Top of LISTED RECORDS
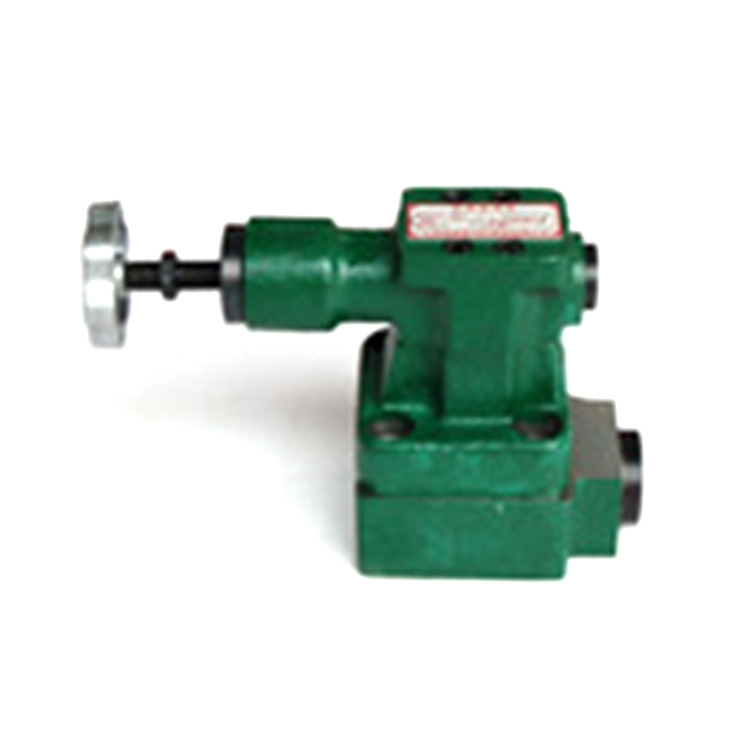 厂家直销  卸荷溢流阀   HY-H*20B   三通式 电磁 控制阀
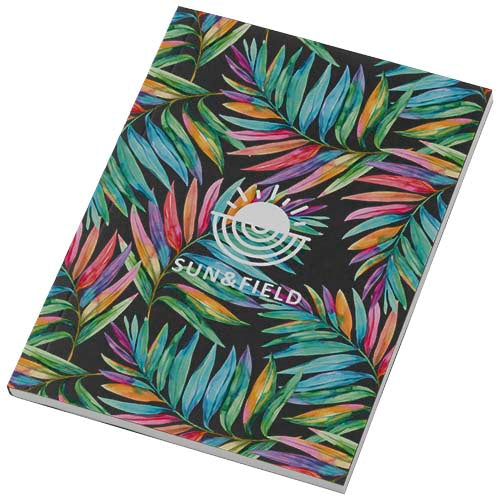 Novella Austen A6 soft cover notebook - 50 sheets - 210247
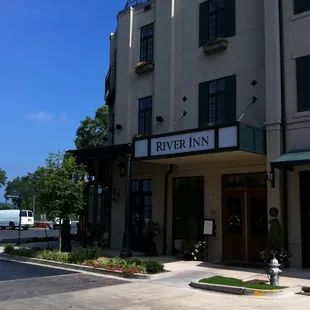 Wonderful little B&amp;B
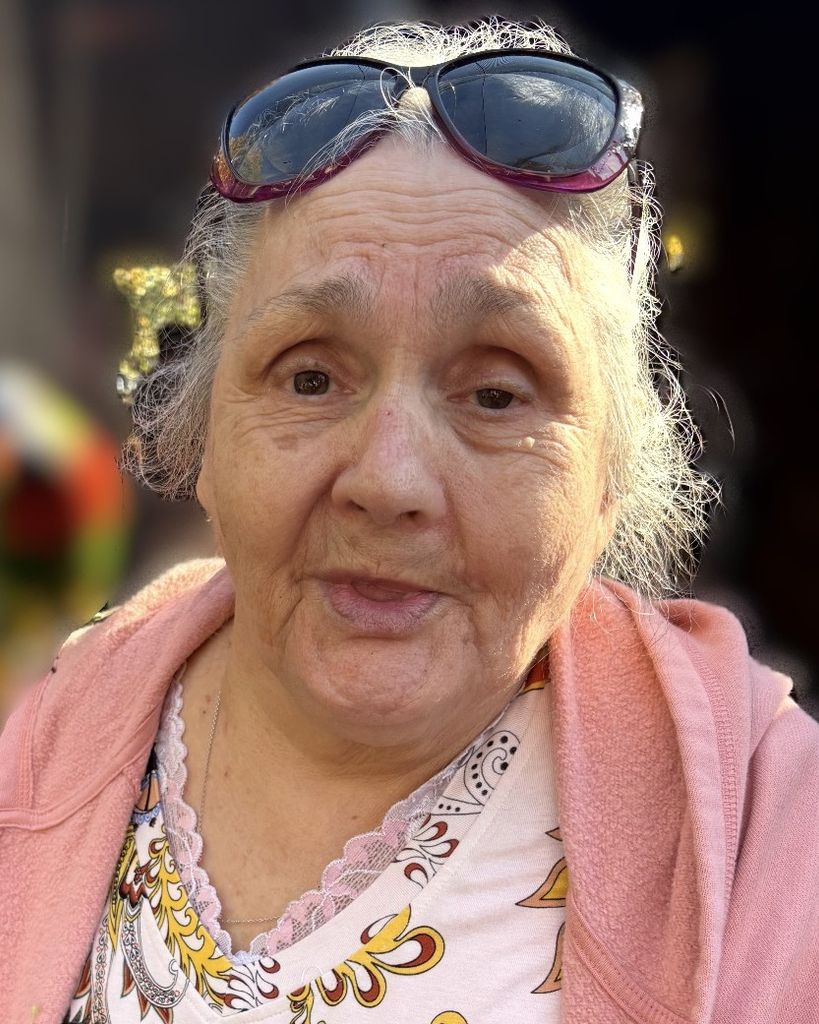 Carolyn Lasley Profile Photo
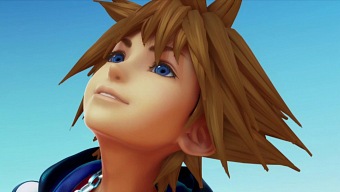 Kingdom Hearts 3 suena para lanzarse en octubre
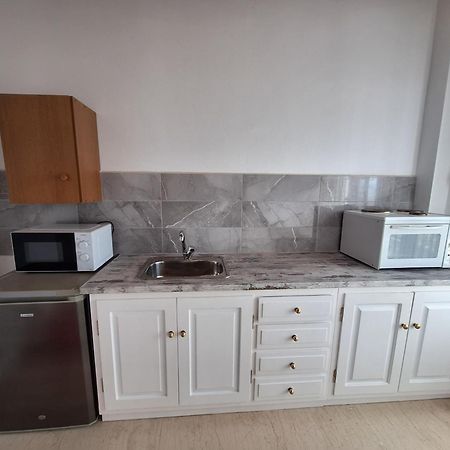 Appartamento Mosxonas House Aegina Esterno foto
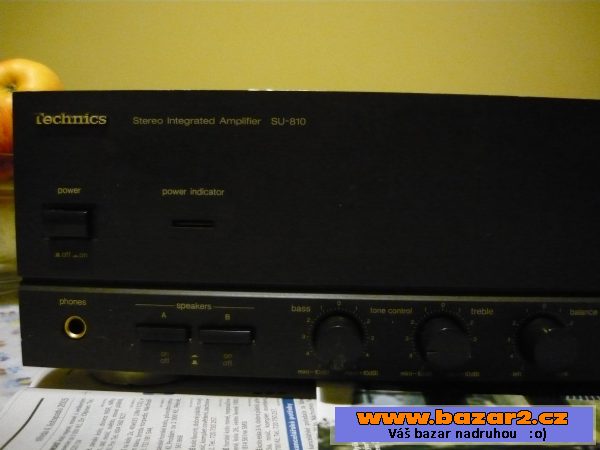 Technics su 810
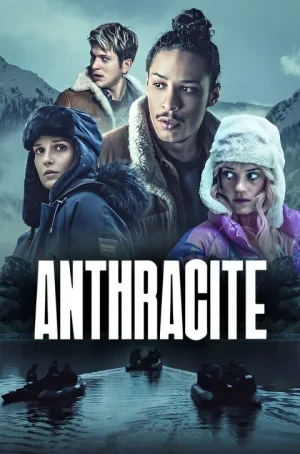 ดูหนังออนไลน์ฟรี Anthracite (2024) เถ้าความตาย EP.1-6 (จบ)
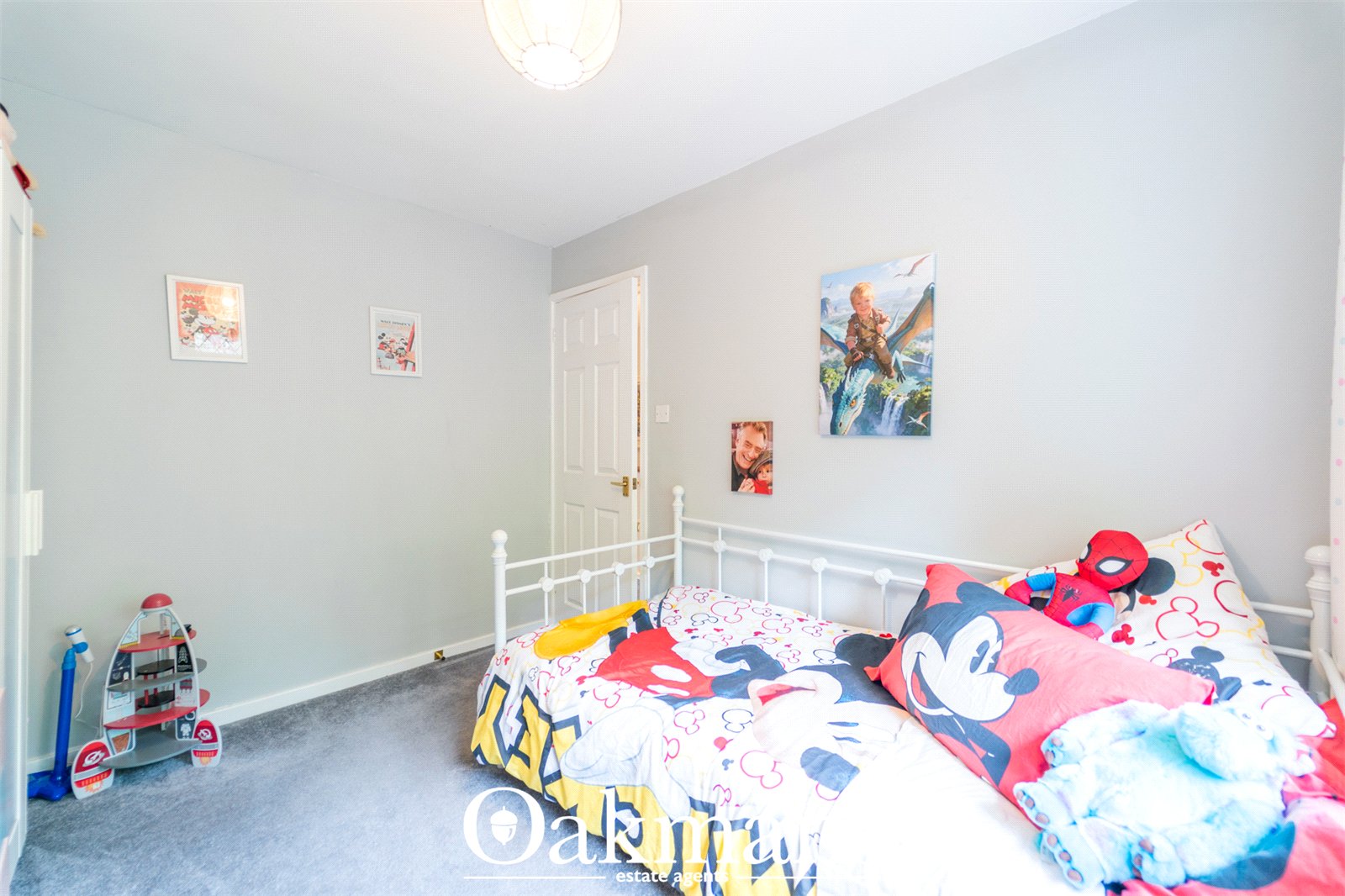 Hollowfields Close, Redditch, B98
Bottom of LISTED RECORDS
- WORK REQUIRED:
The answer must be the full listing retyped exactly, with no pictures in it.

- RESPONSE TO THIS EXERCISE:
 厂家直销  卸荷溢流阀   HY-H*20B   三通式 电磁 控制阀
 Novella Austen A6 soft cover notebook - 50 sheets - 210247
 Wonderful little B&amp;B
 Carolyn Lasley Profile Photo
 Kingdom Hearts 3 suena para lanzarse en octubre
 Appartamento Mosxonas House Aegina Esterno foto
 Technics su 810
 ดูหนังออนไลน์ฟรี Anthracite (2024) เถ้าความตาย EP.1-6 (จบ)
 Hollowfields Close, Redditch, B98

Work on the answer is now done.